The President of the United States, Joe Biden, has signed an executive order sanctioning US companies from participating in the Russian bond market. The White House said:
“Treasury issued a directive that prohibits U.S. financial institutions from participation in the primary market for ruble or non-ruble denominated bonds issued after June 14, 2021 by the Central Bank of the Russian Federation, the National Wealth Fund of the Russian Federation, or the Ministry of Finance of the Russian Federation; and lending ruble or non-ruble denominated funds to the Central Bank of the Russian Federation, the National Wealth Fund of the Russian Federation, or the Ministry of Finance of the Russian Federation.

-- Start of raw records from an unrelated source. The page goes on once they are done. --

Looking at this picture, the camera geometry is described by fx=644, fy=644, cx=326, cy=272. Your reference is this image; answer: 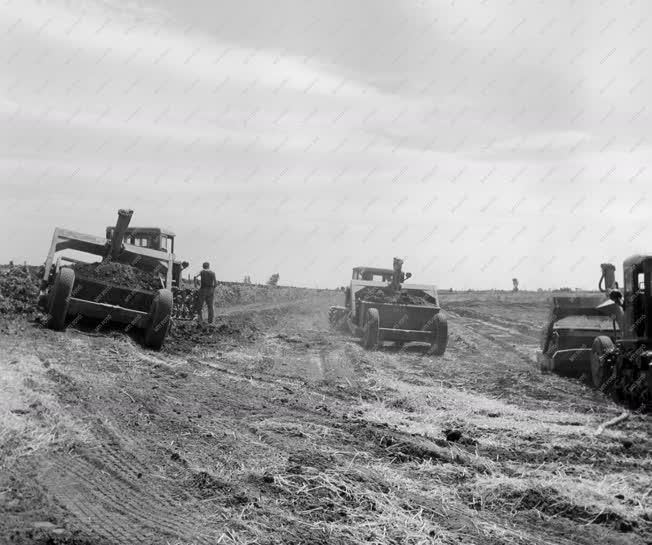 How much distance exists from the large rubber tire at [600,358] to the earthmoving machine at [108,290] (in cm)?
765

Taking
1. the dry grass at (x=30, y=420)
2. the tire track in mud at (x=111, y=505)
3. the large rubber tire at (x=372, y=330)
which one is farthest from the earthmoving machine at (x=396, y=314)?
the tire track in mud at (x=111, y=505)

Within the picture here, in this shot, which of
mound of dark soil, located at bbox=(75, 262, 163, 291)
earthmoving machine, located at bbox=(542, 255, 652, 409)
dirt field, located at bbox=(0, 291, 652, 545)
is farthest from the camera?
mound of dark soil, located at bbox=(75, 262, 163, 291)

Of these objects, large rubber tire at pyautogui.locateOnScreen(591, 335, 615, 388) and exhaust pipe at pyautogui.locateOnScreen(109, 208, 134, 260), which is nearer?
large rubber tire at pyautogui.locateOnScreen(591, 335, 615, 388)

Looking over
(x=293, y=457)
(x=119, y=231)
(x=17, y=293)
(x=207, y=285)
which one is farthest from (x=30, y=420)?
(x=207, y=285)

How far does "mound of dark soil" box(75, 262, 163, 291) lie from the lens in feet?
42.6

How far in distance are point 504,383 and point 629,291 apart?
260cm

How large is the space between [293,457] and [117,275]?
8663 millimetres

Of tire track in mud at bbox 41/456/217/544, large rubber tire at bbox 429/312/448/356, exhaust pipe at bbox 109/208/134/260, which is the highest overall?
exhaust pipe at bbox 109/208/134/260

This directive provides authority for the U.S. government to expand sovereign debt sanctions on Russia as appropriate.”
The yield on ten year Russian bonds jumped by 1% to 7.2, while their main stock market index, MOEX, fell by 1.2%.
The sanctions are imposed due to a litany of reasons that are sufficient to declare a national emergency, according to the executive order, which says:
“Efforts to undermine the conduct of free and fair democratic elections and democratic institutions in the United States and its allies and partners; to engage in and facilitate malicious cyber-enabled activities against the United States and its allies and partners; to foster and use transnational corruption to influence foreign governments; to pursue extraterritorial activities targeting dissidents or journalists; to undermine security in countries and regions important to United States national security; and to violate well-established principles of international law, including respect for the territorial integrity of states — constitute an unusual and extraordinary threat to the national security, foreign policy, and economy of the United States.”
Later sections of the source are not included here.